人工衛星を使ったインターネット通信サービスの実現を目指す米アマゾン・ドット・コムは10月6日、初めての試験衛星を打ち上げた。同社は2024年内のサービス開始を予定しており、地球上のどこでも利用できる高速ブロードバンド接続を大規模に展開したい考えだ。
衛星と地上網機能を検証
この分野では、イーロン・マスク氏が率いる米スペースXの「Starlink(スターリンク)」が先行しており、アマゾンはライバルと競争できる状況にようやく近づいたと米ウォール・ストリート・ジャーナルは報じている。
米東部時間10月6日午後2時6分、米南部フロリダ州のケープカナベラル宇宙軍基地で、アマゾンの試験衛星2基を載せた大型ロケットが発射された。使用したロケットは、米United Launch Alliance(ユナイテッド・ローンチ・アライアンス、ULA)の「Atlas V(アトラスV)」。試験衛星は高度約500キロメートルの軌道上に投入された。アマゾンは今後数カ月かけて試験衛星と地上ネットワークの機能を検証する。
アマゾンの通信衛星計画「Project Kuiper」
アマゾンは19年から「Project Kuiper(プロジェクト・カイパー)」と呼ぶインターネット衛星ネットワークの計画を進めてきた。これまでに米当局から3200基以上の衛星を段階的に打ち上げる許可を得ている。それらで構成する通信衛星ネットワークで世界中に高速ブロードバンド接続を提供する計画だ。

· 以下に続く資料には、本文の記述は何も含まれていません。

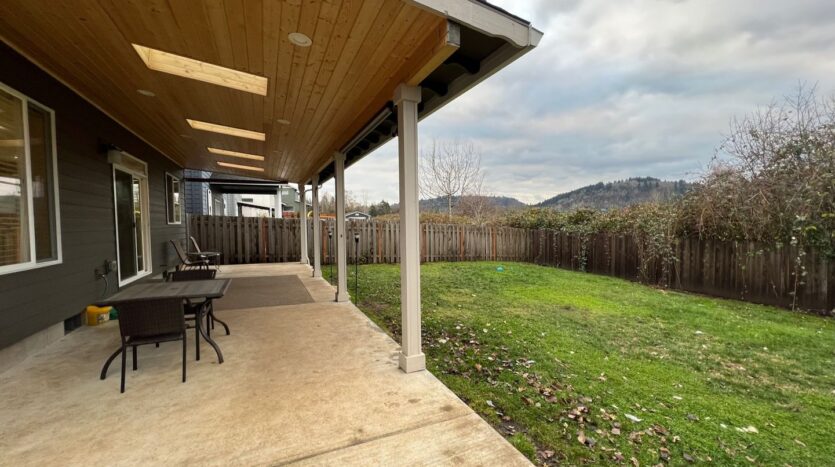 2205 SE Cochran Drive - Gresham - Oregon - 4 bed, 2.5 bath rental property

ロイター通信によれば、アマゾンはこのプロジェクトに総額約100億ドル(約1兆4900億円)を投じる。大量の衛星を打ち上げるため、すでに77機の大型ロケットを確保している。22年4月にはそのための契約をULAや、アマゾン創業者のジェフ・ベゾス氏率いる米宇宙開発ベンチャーのBlue Origin(ブルー・オリジン)、フランス商業衛星大手Arianespace(アリアンスペース)と結んだ。